The Norwegian Ski Federation (NSF) required the sponsor to stay with them, even though new Norwegian doping cases would occur with up to two years of punishment. There is a lack of respect for anti-doping efforts inside NSF and their big sponsor ASKO/Norgesgruppen

Norgesgruppen has been NSF’s sponsor for a few years, and they have now agreed to continue with a new sponsorcontract. Norgesgruppen is the largest grocery chains owner in Norway, with among others the european SPAR food and ASKO (their distributor of food) as the most profield brands through NSF. ASKO has personal sponsor agreements with Therese Johaug, Marit Bjørgen (xc-skiiers) and Birgit Skarstein (handicap xc-skiier and swimmer)


Photo: From left the three ASKO ambassadors; Therese Johaug, Birgit Skarstein and Marit Bjørgen. All World Champions.

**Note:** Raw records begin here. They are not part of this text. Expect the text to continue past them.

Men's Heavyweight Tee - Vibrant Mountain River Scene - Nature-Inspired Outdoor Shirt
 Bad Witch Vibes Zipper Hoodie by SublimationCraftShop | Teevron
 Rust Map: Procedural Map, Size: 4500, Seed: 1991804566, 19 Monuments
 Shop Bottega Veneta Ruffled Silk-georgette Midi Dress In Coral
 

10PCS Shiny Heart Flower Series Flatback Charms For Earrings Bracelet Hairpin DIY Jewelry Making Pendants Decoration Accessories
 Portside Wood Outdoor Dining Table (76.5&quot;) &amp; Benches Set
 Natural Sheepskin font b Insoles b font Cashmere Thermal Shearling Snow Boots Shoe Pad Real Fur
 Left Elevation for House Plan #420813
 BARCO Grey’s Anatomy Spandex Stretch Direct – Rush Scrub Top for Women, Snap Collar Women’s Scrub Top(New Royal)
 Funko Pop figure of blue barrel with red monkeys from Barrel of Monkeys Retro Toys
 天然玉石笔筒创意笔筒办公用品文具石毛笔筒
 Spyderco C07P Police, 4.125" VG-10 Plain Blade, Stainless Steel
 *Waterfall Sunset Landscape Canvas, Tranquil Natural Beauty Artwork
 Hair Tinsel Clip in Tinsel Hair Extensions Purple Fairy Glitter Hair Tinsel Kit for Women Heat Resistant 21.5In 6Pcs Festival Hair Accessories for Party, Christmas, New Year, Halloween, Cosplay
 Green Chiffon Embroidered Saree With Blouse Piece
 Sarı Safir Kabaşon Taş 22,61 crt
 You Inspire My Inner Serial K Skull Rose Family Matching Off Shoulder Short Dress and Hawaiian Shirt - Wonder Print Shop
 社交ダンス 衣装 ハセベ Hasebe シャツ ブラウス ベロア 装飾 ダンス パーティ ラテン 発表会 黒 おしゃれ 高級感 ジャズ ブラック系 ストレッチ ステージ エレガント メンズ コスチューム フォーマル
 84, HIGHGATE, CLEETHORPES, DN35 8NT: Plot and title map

The Ski Federation’s negotiations with two grocery chains

Unfortunately, it is necessary to go one more round with the Norwegian Ski leaders lack of respect, for the international anti-doping rules the whole world must relate to.

It is unfortunately not possible to interpret the stance of the Norwegian Ski Federation (NSF) in the negotiations with Coop (one of Norway’s largest grocery chains, and building and electro equipments), as evidenced by documents VG has gained access to. Coop is the World Champion xc-skiier Petter Northug jr’s personal sponsor.


Photo: Petter Northug jr. has had a sponsorship with Coop for three years now, in the period he has chosen to stand outside theNorwegian national xc-skiing team.

Therefore it is controversy about what would happen to the agreement in a case of a new possible Norwegian doping case in the future.

While Coop claimed to have the right to withdraw from the contract if a Norwegian skier was taken for doping, the Norwegian Ski Federation (NSF) would have entered a point that denied Coop to do so, if the “skiiers verdict was not enforceable or by no blame or negligible fault“.

The latter, “negligible fault”, has a maximum penalty of 24 months exclusion/ban.

What would it actually have caused?

A proposal for such an agreement clause is all reason to stop properly, for what would it actually have caused?

For example, doping cases with a fact comparable to what we saw in the Therese Johaug  doping case or Martin Johnsrud Sundby’s doping case, would not have had any financial impact on the relationship between the Norwegian Ski Federation and the Sponsor.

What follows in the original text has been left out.